Finite reflection group: Reflections with the same reflecting hyperplane are equal? Let $V$ be a finite-dimensional vector space over a field of characteristic zero.
We call a linear map $s:V \rightarrow V$ a reflection if $s^2=id_V$ and the set of its fixed points $V^s$ is a hyperplane (we call $V^s$ the reflecting hyperplane). Let $W$ be a finite reflection group (i.e. a finite subgroup of $GL(V)$ that is generated by reflections). Apparently, if two elements of $W$ have the same reflecting hyperplane they are equal. Why?
Since the reflections generate $W$ it suffices to prove the statement for the reflections. Why should they agree on $V\setminus V^s$? Somehow the finiteness of $W$ and the characteristic of the field have to enter. How?

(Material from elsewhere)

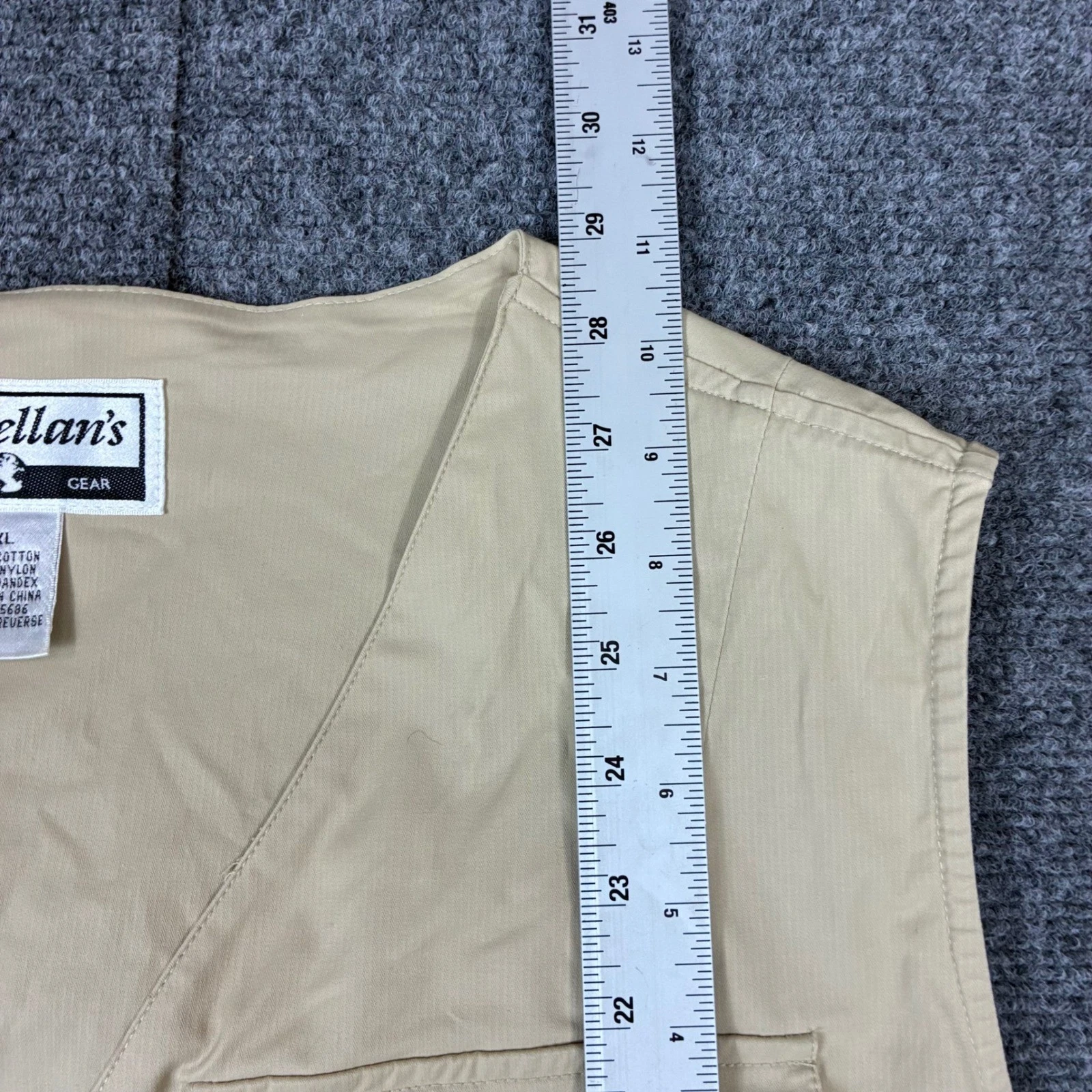 Magellans Travel Gear Utility Vest Khaki Tan Multi Pocket Size XL Fishing Safari - product detail image 4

 A: Here is a more direct argument, which avoids using Maschke's Theorem (it also works in infinite-dimensional case).
Let $s, t\in GL(V)$ be involutions fixing the same  hyperplane $H\subset V$. Then $s, t$ induce involutions of $V/H\cong F$, where $F$ is your ground field. These  induced involutions are either the identity map or the  multiplication by $-1$.  I will consider the case when both induced involutions are $-1$ since the other cases are ruled out by an argument similar to the one below (we will obtain a contradiction with the assumption that $s, t$ are involutions). Then $g=st$ induces the identity map of $F$ and fixes $H$ elementwise. Choose a vector $v\in V\setminus H$. Then there exists a vector $u\in H$ such that $g(v)=v+u$. Assume $u\ne 0$, otherwise, $g=1$ and $s=t$.
Iterating $g$ we obtain $g^k(v)=v+ ku$, $k\in {\mathbb N}$. Since $F$ has characteristic zero, $ku\ne 0$ for each $k\in {\mathbb N}$. It follows that $s, t$ generate an infinite group, which contradicts our assumptions.